The final legislation, which included many amendments, moderated portions of the bill the Senate had previously sought to harden.
The House must concur before it goes to the governor.
“Disruptions are impeding both the ability of teachers to teach and the ability of students to learn,” said state Sen. Charles Perry, R-Lubbock, who shepherded the bill in the Senate. “We have attempted to draft a bill that achieves the goals of both the House and the Senate.”
The latest version of House Bill 6 would allow schools to place students in in-school suspensions for as long as they see appropriate, so long as principals review the placement every 10 days. Students facing in-school suspension still complete schoolwork in a different classroom on school grounds. The bill clarifies that those students must be under the supervision of faculty.

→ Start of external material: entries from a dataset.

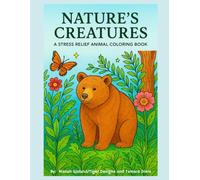 Nature’s Creatures: A Stress Relief Animal Coloring Book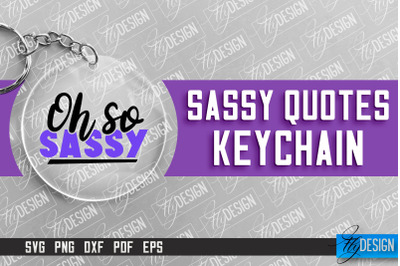 &nbsp;Sassy Keychain Design | Round Keychain Design | Sarcastic Quotes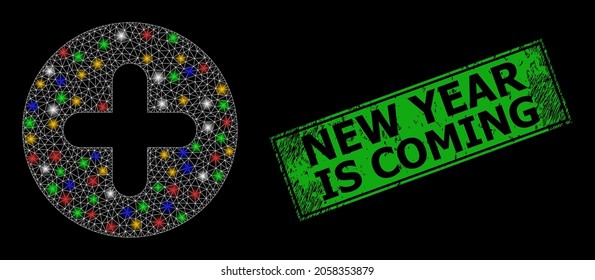 Bright mesh net plus with multicolored bright dots, and grunge New Year Is Coming badge. Green stamp seal has New Year Is Coming caption inside framed rectangle.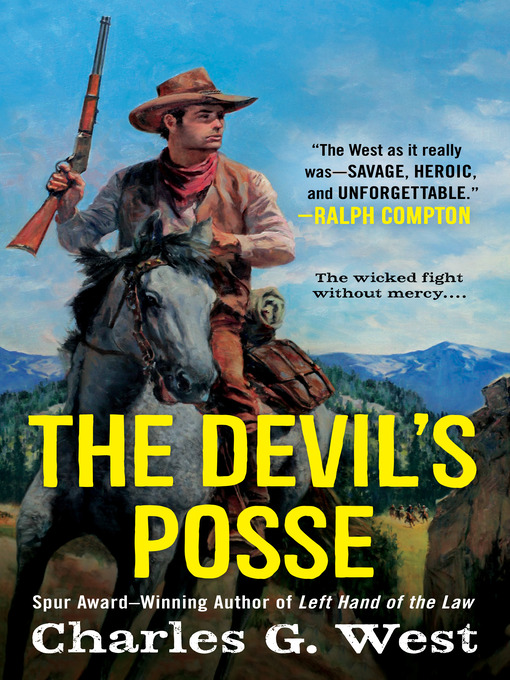 Title details for The Devil's Posse by Charles G. West - Available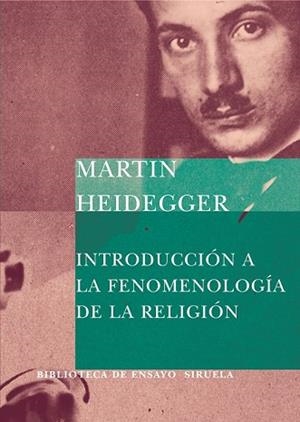 INTRODUCCION A LA FENOMENOLOGIA DE LA RELIGION | 9788478449040 | HEIDEGGER, MARTIN | Llibreria Drac - Librería de Olot | Comprar libros en catalán y castellano online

The legislation also amends current law that requires schools to send students who are caught vaping to alternative education settings, a strict environment that often leans on computer-based work and is in a different building. The House wanted to repeal the law altogether. The Senate’s version gives schools flexibility to hand students caught with a vape less severe consequences if it is their first offense.
And because the bill would allow schools to use out-of-school suspensions to discipline all students when they engage in “repeated and significant” classroom disruption or threaten the health and safety of other children, it would make it easier for schools to discipline homeless students and the state's youngest students. That's because the bill would reverse state laws from 2017 and 2019 that put limitations on when and how those students could be disciplined.
Senators on Thursday acknowledged the challenges the youngest students face behaving in the classroom. An amendment Thursday would require schools to provide documentation of disruptive behavior before they doled out an out-of-school suspension to students in kindergarten through third grade.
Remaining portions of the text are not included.